25 years after the genocide against the Tutsi, Rwanda’s national schools curriculum features a life-saving peace education programme developed by the Aegis Trust. Now White Rose, the recycled fashion chain supporting the Aegis Trust, is launching a campaign enabling the public to help export this programme to countries in crisis today: https://www.whiteroseshop.co.uk/fundraise

Every dime raised or donated will help fund clothing banks for White Rose, generating sustainable income year after year to save lives through Aegis’ peacebuilding work.

“From Rwanda to the Central African Republic and beyond, through peace education, Aegis Trust enables people to give up revenge, lay down weapons, and champion humanity,” says Aegis’ Executive Director Freddy Mutanguha, himself a genocide survivor. “Without White Rose, this couldn’t be happening.” Each White Rose clothing bank also helps the environment by recycling a tonne of clothing each year which would have gone to landfill.

“Wouldn’t it be great if you could discard hate?”

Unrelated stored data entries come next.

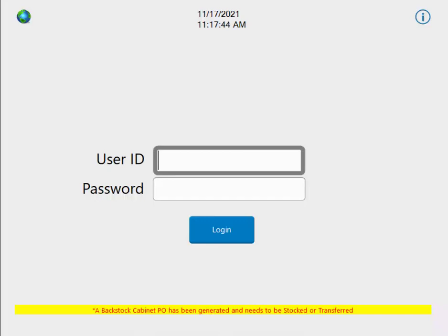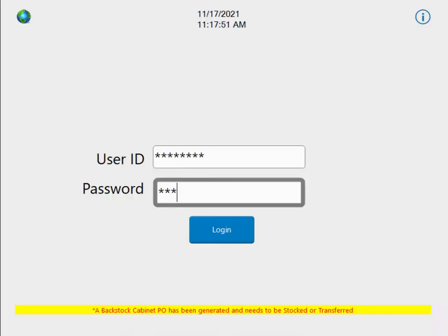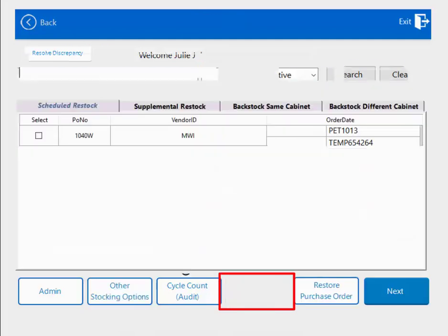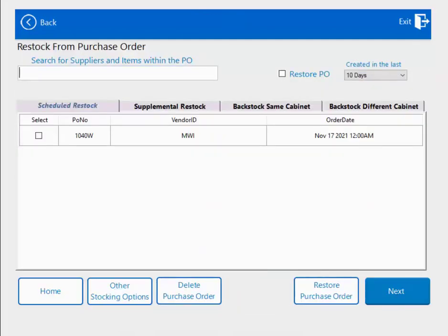First, log into your Qubex. You can either use your fingerprint or your manual login credentials. If you have restocking privileges, you will see the restock button at the bottom of the screen. Click restock. This is the restock screen. As you can see, there are now four tabs for the different types of restock.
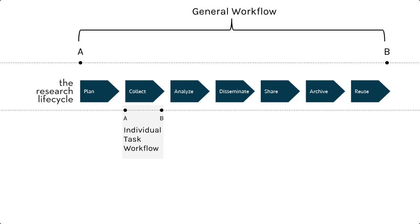No matter what task you are trying to accomplish, finding ways to create consistent paths between points in a project is the goal of developing a good research workflow. If you have to go back and redo a task, or if others want to replicate your work, you need to be able to retrace the steps of the method exactly as you did it the first time.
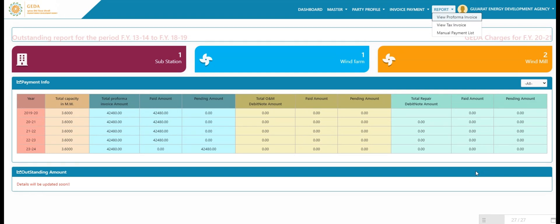On dashboard, user can view summary of paid and unpaid invoices. Please connect with Gujarat Info Petrol Limited for any IT and ITS related services. Thank you.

Presented by Clare-Hope Ashitey, a three-minute film to launch the White Rose Clothing Bank campaign draws together these twin strands of sustainable living and peace-building: https://youtu.be/hKFMwXx3EQ0

“Wouldn’t it be great if you could discard hate, discard destruction, and save lives? Well now you can,” says Ashitey. The actor discovered Aegis’ work in Rwanda for herself on visiting the Kigali Genocide Memorial while starring alongside the late John Hurt in the 2005 movie ‘Shooting Dogs’. “Conflict is at a 25-year high,” she says. “At the same time, fast fashion is destroying the environment – but you have the power to help change this today.”

How fast fashion feeds into conflict

“Fast fashion exacerbates the impact of climate change, not least because of the vast amounts of water used in the production of cotton,” says Dr James Smith, Chief Executive of the Aegis Trust. “Climate change, in turn, leads to crop failure, hunger, mass migration, and then conflict over scarce resources. White Rose clothing banks contribute to peace twice over; first, by reducing the damaging impact of fashion on the environment, and second, by generating truly sustainable income for building peace.”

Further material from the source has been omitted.